Comment expliquer cette incroyable résilience ? Les raisons sont multiples. Il y a d’abord toutes ces solidarités de proche en proche qui se sont mises en place depuis le début de l’agression militaire russe. Les gens prennent soin de leur famille, de leurs voisins d’immeuble, de leur quartier. Les commerces se sont procuré des générateurs d’électricité et proposent aux riverains de venir se réchauffer ou de charger leurs téléphones lors des black-out. Il y a un réseau d’entraide locale particulièrement développé. Ensuite, il y a le bénévolat. L’Ukraine comptait déjà de nombreux groupes actifs depuis 2014, mais ils se sont démultipliés au printemps 2022, et sont très efficaces près des lignes de front pour acheminer des ressources là où les besoins humanitaires sont très pressants. Enfin, il y a les administrations locales qui, depuis la réforme administrative de 2016, ont reçu plus de pouvoir et plus de moyens. Ces administrations, et les personnalités locales qui les incarnent, assurent la continuité du service public, organisent l’assistance humanitaire à grande échelle et se font les relais de l’aide internationale.

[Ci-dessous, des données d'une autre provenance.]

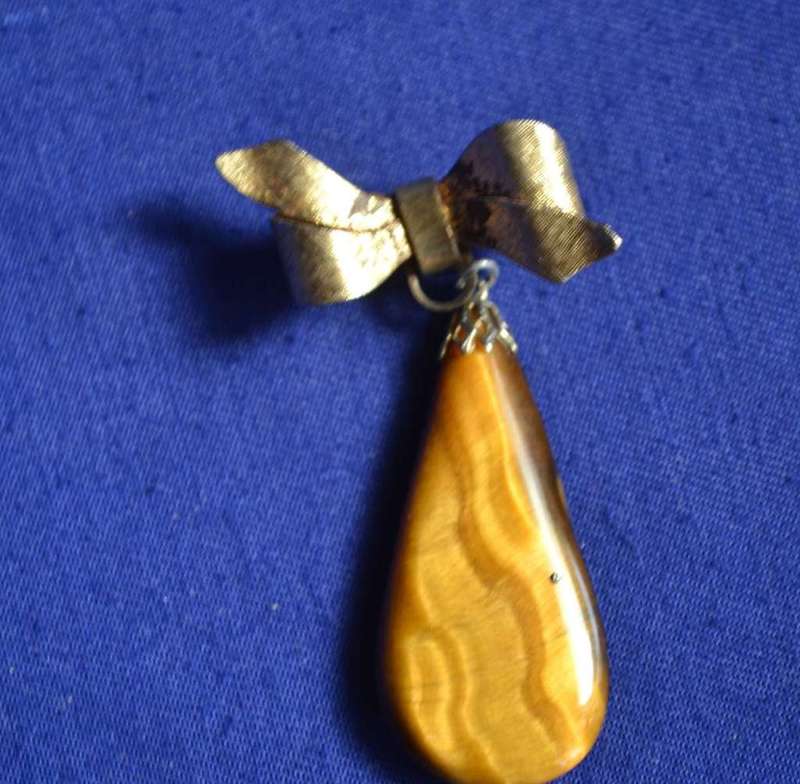 Assorted Vintage Brooches - 5 Pieces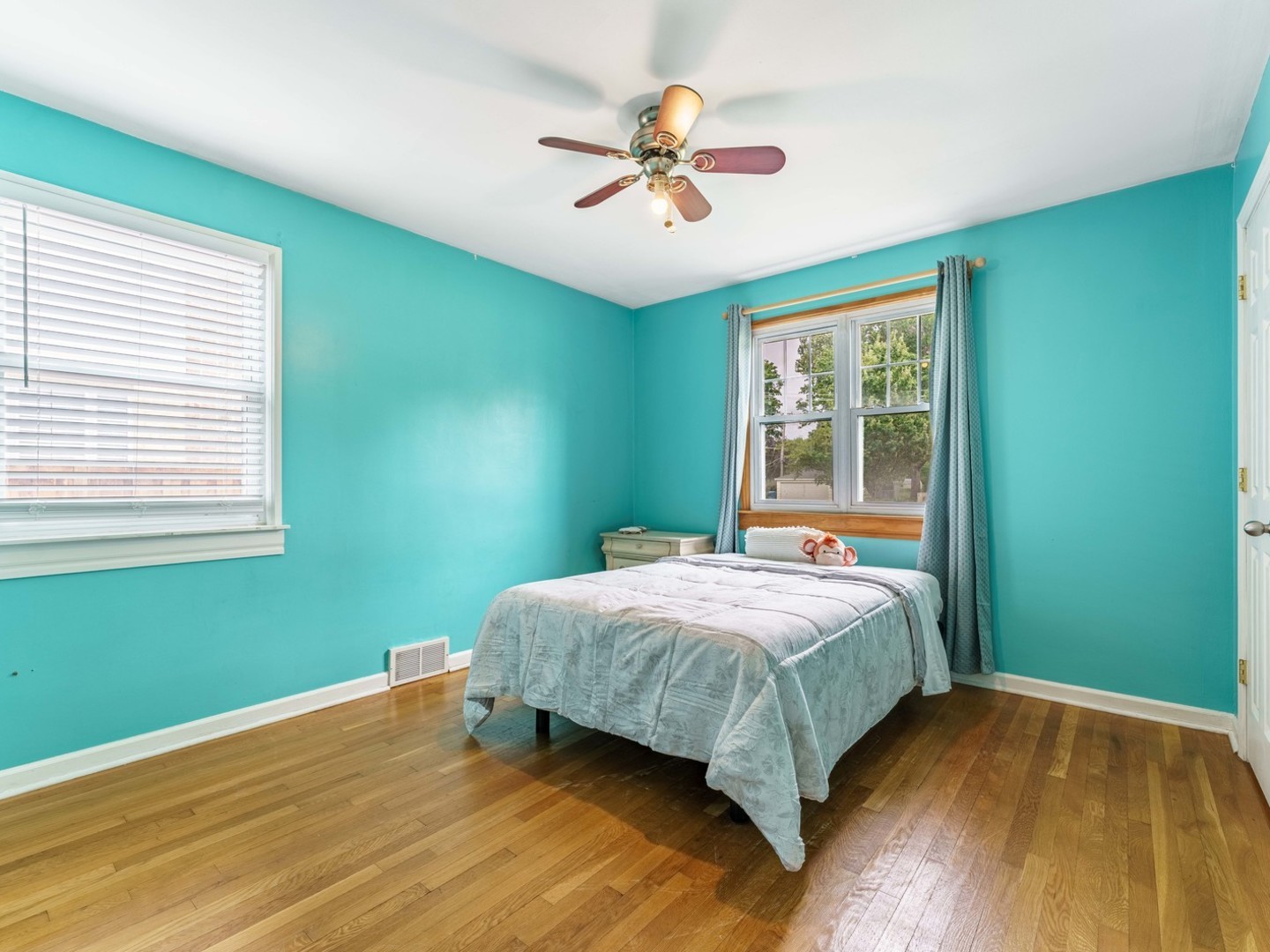 main property photo 7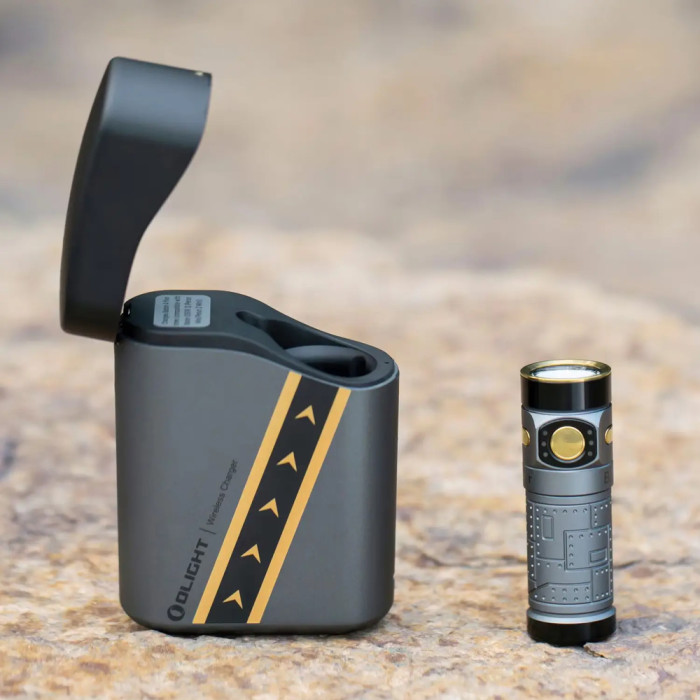 Фонарь Olight Baton 4 Premium Edition Fighter Pilot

Près de 90 % de la population croit en la victoire

Mais, au-delà de ces structures récentes, il y a également le temps long. Dans les années 1990, l’Ukraine a fait face à une accumulation de crises, notamment économiques, et de dysfonctionnements des infrastructures avec des coupures d’électricité ou d’eau dans de nombreuses régions. Les Ukrainiens ont donc déjà une certaine expérience de la précarité et des savoir-faire élaborés en matière de débrouille.

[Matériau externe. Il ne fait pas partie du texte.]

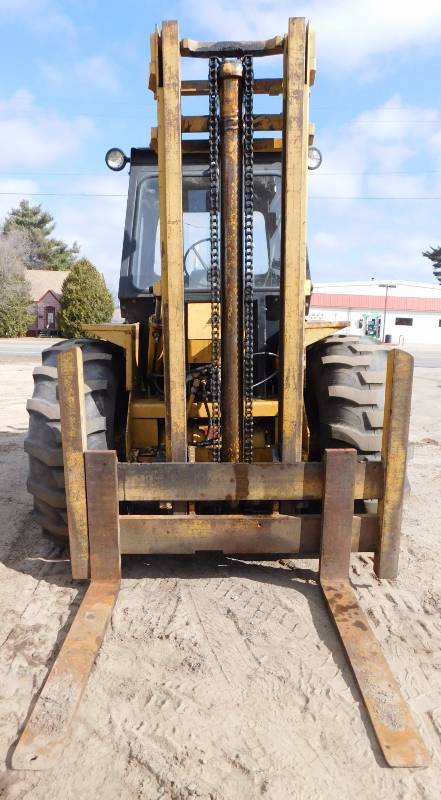 lot 3 image: 8000lb Allis-Chalmers 708C Forklift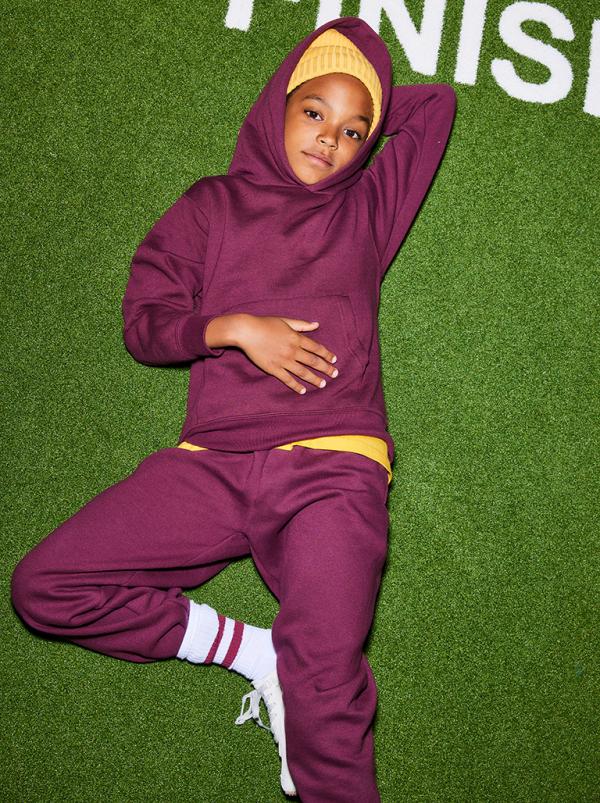 Bee Birgit Steger - Russell Kids Campaign - artistspool.com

Forte de cette capacité d’adaptation et de ces nombreux réseaux de solidarité, la population conserve un grand optimisme. Bien entendu, chaque quartier résidentiel bombardé, chaque mort dans les décombres déclenche un choc émotionnel profond. Et la découverte de l’ampleur des violences infligées à la population civile dans les zones occupées par les troupes russes a provoqué un véritable effet de sidération. Mais dans le même temps, chaque attaque, chaque vague de bombardements renforcent les Ukrainiens dans leur certitude de se défendre face à une agression et de se battre pour une cause juste. Aujourd’hui, près de 90 % de la population croit en la victoire de l’Ukraine, même si la temporalité de cette victoire demeure très vague, et 95 % ont confiance en la capacité des forces armées à tenir bon.

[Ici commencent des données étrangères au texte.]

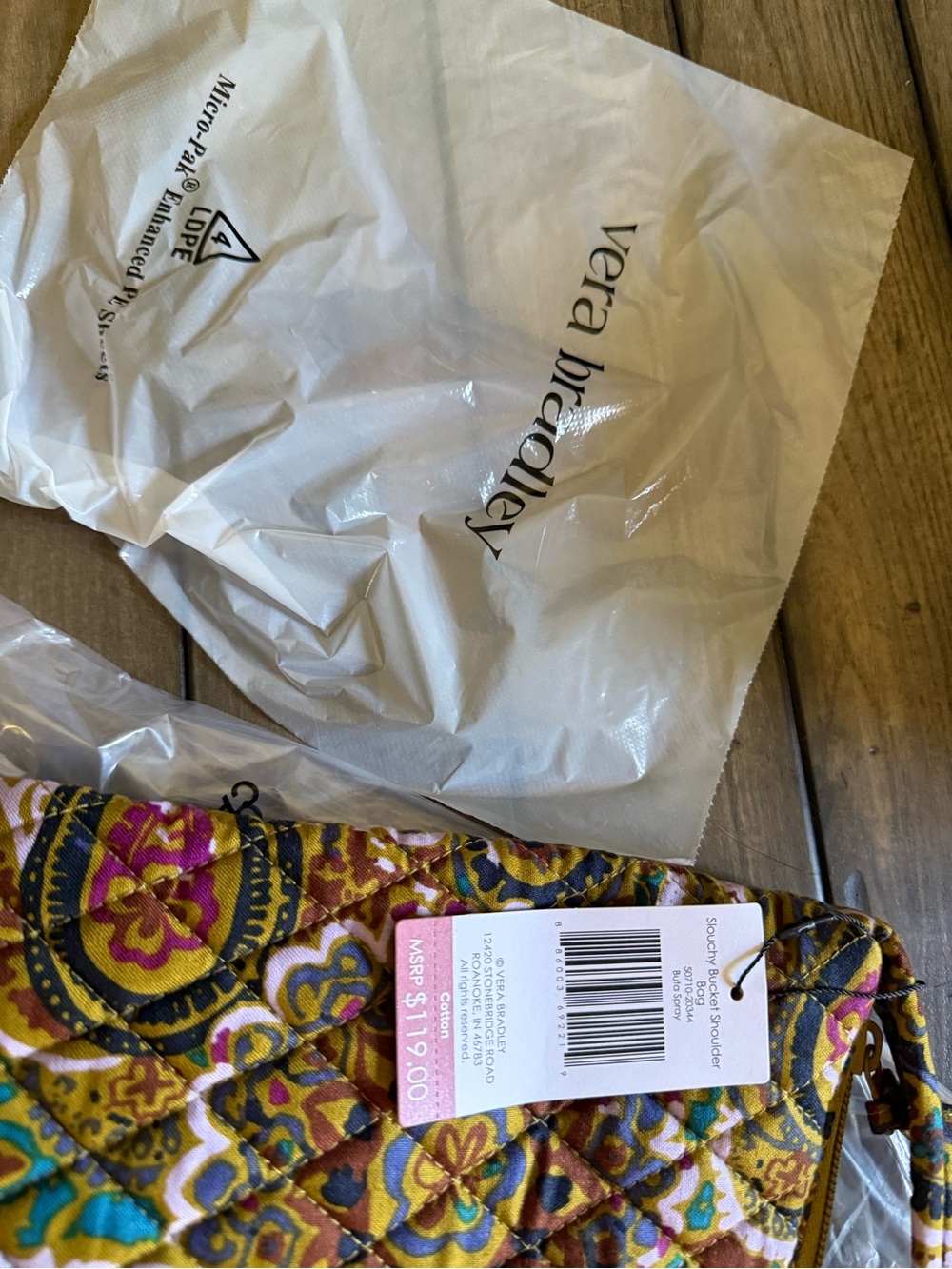 Vera Bradley Slouchy Bucket Shoulder Bag Buta Spray NWT - Picture 3 of 7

Cette lutte contre la corruption symbolise une volonté de continuer, même en temps de guerre, à bâtir une démocratie  

À cela s’ajoute une confiance sans faille dans le gouvernement et le président Volodymyr Zelensky. C’est particulièrement significatif, car celui-ci était très impopulaire avant la guerre – en septembre 2021, selon les sondages, près des deux tiers de la population ne souhaitaient pas qu’il brigue un second mandat. À l’inverse, il fait aujourd’hui figure de rassembleur, et sa décision de rester à Kiev malgré le danger est très respectée. En Europe de l’Ouest, nous avons tendance à le considérer comme un homme providentiel, le héros de la nation ukrainienne, mais je dirais plutôt qu’il est à l’image de la société ukrainienne et que c’est la résistance et le courage de la population qui ont fait de lui ce qu’il est. C’est d’ailleurs, d’une certaine manière, cette exigence d’exemplarité qui a motivé les récentes mesures anticorruption du gouvernement qui ont conduit à la suspension de plusieurs hauts responsables. Il y a cette idée que si les « citoyens ordinaires » font tant de sacrifices, souffrent de privations, s’engagent et meurent au front, alors les élites se doivent de répondre à certaines attentes. Cette lutte contre la corruption symbolise une volonté de continuer, même en temps de guerre, à bâtir une démocratie.